Bu dönemde Atina’nın en büyük rakibi Sparta’da ise gymnasionların olmadığını görmekteyiz. Bunun nedeni ise Sparta’daki bütün erkek çocuklarının yedi yaşlarından itibaren ailelerinden alınıp birer asker olarak yetiştirilmesiydi.
Yunancada çıplak anlamına gelen “gymnos” kelimesinden türeyen gymnasionlarda genç erkekler bedensel olarak savaşa hazır hale gelmek için yaptıkları idmanlarını çıplak bir biçimde gerçekleştirdikleri için bu mekânlar böyle isimlendirilmiştir.

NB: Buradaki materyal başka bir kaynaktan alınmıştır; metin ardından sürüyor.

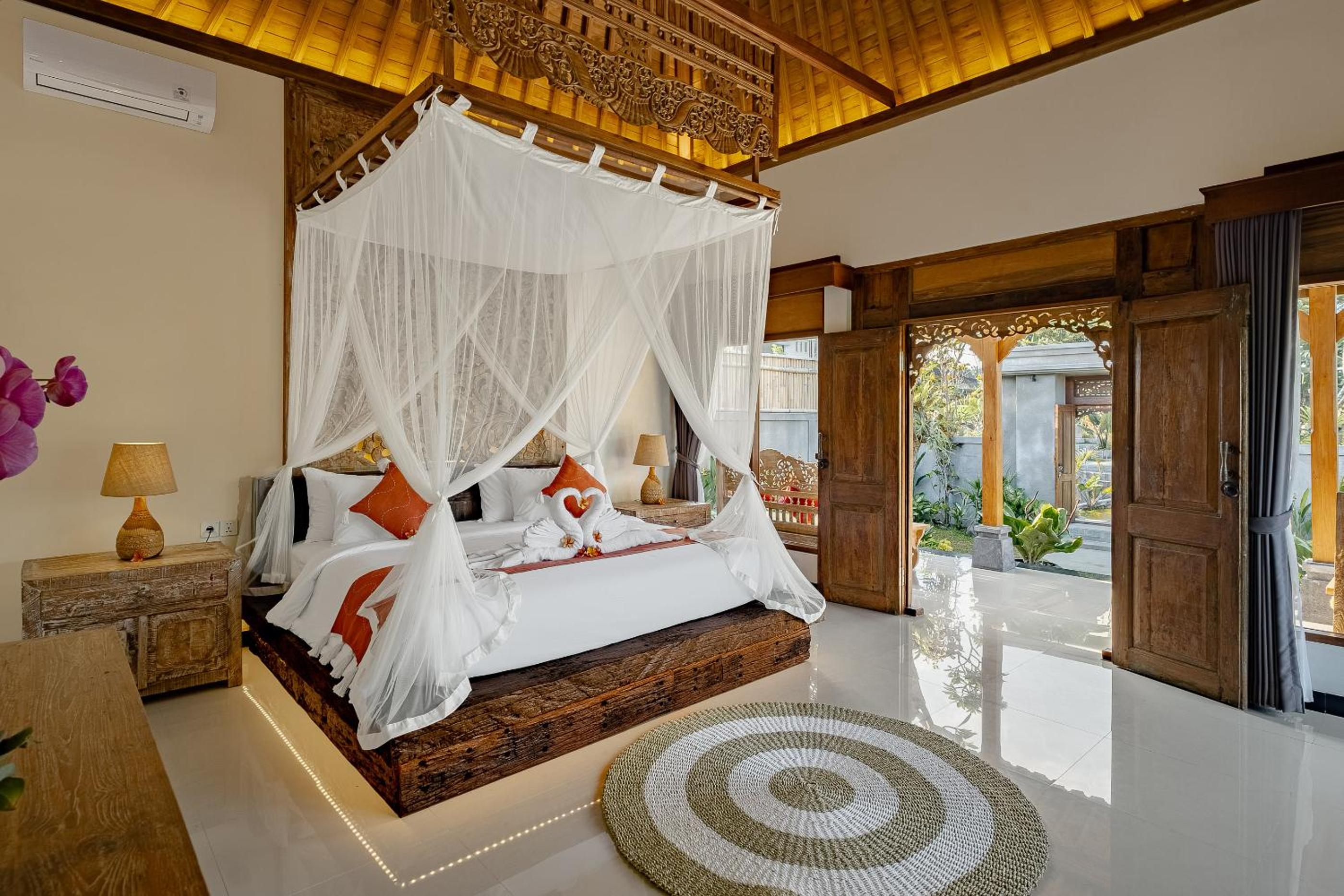 One-Bedroom Villa - Photo 95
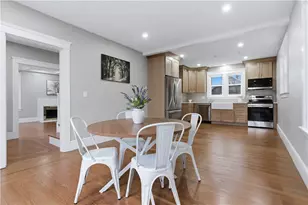 104 Woodbine St, Providence, RI 02906 - Photo 4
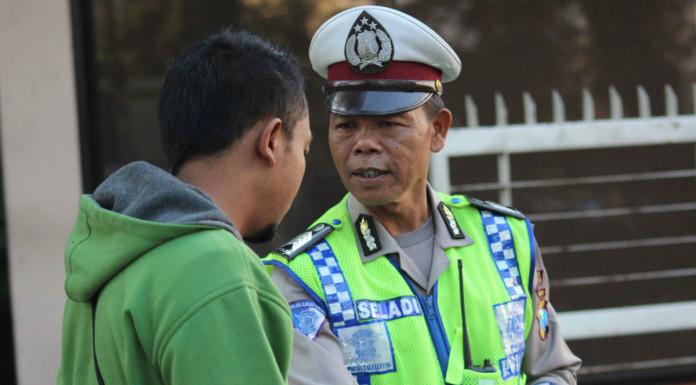 Indonesian policeman to be honoured for refusing bribes for 40 years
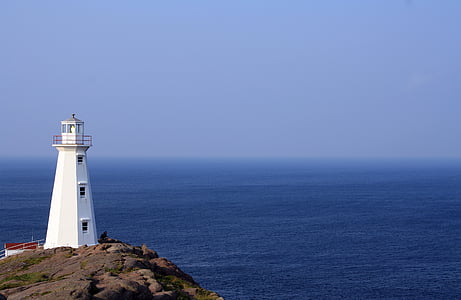 photo, blanc, béton, phare, près de :, bord de mer, océan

Hitiler ve Frigyalılar gibi Anadolu’nun kadim halklarında da yine savaş ve silah kullanma yeteneğini ön plana çıkarmak ve geliştirmek amacıyla düzenlenen sportif faaliyetler bulunmaktaydı. Ancak bölgede Yunan kolonilerinin kurulması ve devamında da özellikle milâttan önce dördüncü yüzyıldan itibaren bölgede hakim olan Helenistik Çağ, Anadolu kentlerinde çok sayıda gymnasion ve stadionun inşa edildiği dönem olma özelliği taşımakta.
Bu dönemde Anadolu’da inşa edilen gymnasionlar aynı zamanda kadim topraklardaki en önemli şehirler olma özelliği de taşıyordu. Aristotales’in hocalık yaptığı Assos’taki gymnasionun yanı sıra Pergamon (Bergama), Priene (Gülbahçe) ve Miletos, bu dönemde Anadolu coğrafyasında spor faaliyetlerinin düzenlendiği mekânlara ev sahipliği yapıyordu.
Termessos Antik Kenti’nde günümüze ulaşan gymnasionlar ve stadion inşa edildiği coğrafya ve dönem de düşünülünce uyandırdığı hayranlık katlanarak artmaktadır. Anadolu’nun Roma hakimiyetine girdiği milâttan önce 30 yılından itibaren de bölgede spor faaliyetleri önemini sürdürdü.
Kent devleti kimliğini kaybedip devasa bir imparatorluğun şehirlerine dönüşen bu yerleşimlerde spor faaliyetleri artık savunma amaçlı değil de eğlence ve tanrıları hoşnut kılma amacıyla sürdürülmekteydi.
Efes’te, Roma döneminde inşa edilen gymnasion yanında bir hamamın da bulunması itibarıyla mimari açıdan da önemli bir değişimi beraberinde getirmiştir.
Nasıl ki Antikçağ’da olimpiyatlar tarihi belirlemede kullanılıyorsa spor yapılan stadionlar da uzaklık ölçü birimiydi. Elimizdeki bilgiler milâttan önce sekizinci yüzyıldan itibaren birer spor faaliyeti olan olimpiyatların gerçekleştirildiğini göstermekte.
Askeri bir kimlik taşıyan ve içinde güreş, boks, disk atma, atlama gibi farklı branşlarının bulunduğu bu spor festivallerinin en heyecanlı etkinliklerinden biri de koşulardı. Koşuların gerçekleştirildiği stadionlar, olimpiyatlar sırasında izleyicilerle dolup taşıyordu.
600 ayak yani yaklaşık olarak 200 metre uzunluğundaki bu stadionlar zaman içerisinde uzaklıkları ifade etmek için de kullanılmaktaydı. Örneğin bir yer 10 stadion uzaklıktaysa bu yaklaşık olarak iki kilometrelik bir mesafe anlamına gelmekteydi. Antikçağ’da Anadolu’daki yol tabelalarında asırlar boyunca stadion ibaresi bu amaçla da kullanıldı.